= Marilyn Lightstone (engineer) =

Canadian mechanical engineer

Marilyn Lightstone is a Canadian mechanical engineer specializing in the computational fluid dynamics of thermofluids, including the simulation of droplets and particles in turbulent flows, the use of thermofluids in solar energy, and thermal energy storage. She is a professor of mechanical engineering at McMaster University, and the former chair of the McMaster Department of Mechanical Engineering.

==Education and career==
Lightstone went into engineering following a childhood interest in solar energy. She received a bachelor's degree from Queen's University at Kingston in 1985. She continued her studies at the University of Waterloo, where she received a master's degree in 1987 and completed her Ph.D. in 1992. Her work at Waterloo was supervised by George Raithby and Terry Hollands.

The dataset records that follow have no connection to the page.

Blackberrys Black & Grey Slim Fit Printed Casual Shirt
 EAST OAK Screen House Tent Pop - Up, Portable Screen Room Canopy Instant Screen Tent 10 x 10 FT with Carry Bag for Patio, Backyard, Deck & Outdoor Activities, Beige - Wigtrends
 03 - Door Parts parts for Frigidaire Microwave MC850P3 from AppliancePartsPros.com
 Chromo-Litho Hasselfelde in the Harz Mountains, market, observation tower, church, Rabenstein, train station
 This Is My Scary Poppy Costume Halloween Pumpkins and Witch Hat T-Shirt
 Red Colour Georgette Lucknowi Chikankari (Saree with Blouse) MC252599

She worked for three years at Atomic Energy of Canada Limited, in nuclear thermal hydraulics, before returning to academia as a faculty member at the University of Waterloo in 1995, with the support of an NSERC Women's Faculty Award. In 1999 she moved to McMaster University. There, she served two terms as department chair, from 2013 to 2023, becoming the first female engineering department chair at the university.

==Recognition==
Lightstone was elected as a Fellow of the Canadian Society for Mechanical Engineering in 2017, and as a Fellow of the Canadian Academy of Engineering in 2024.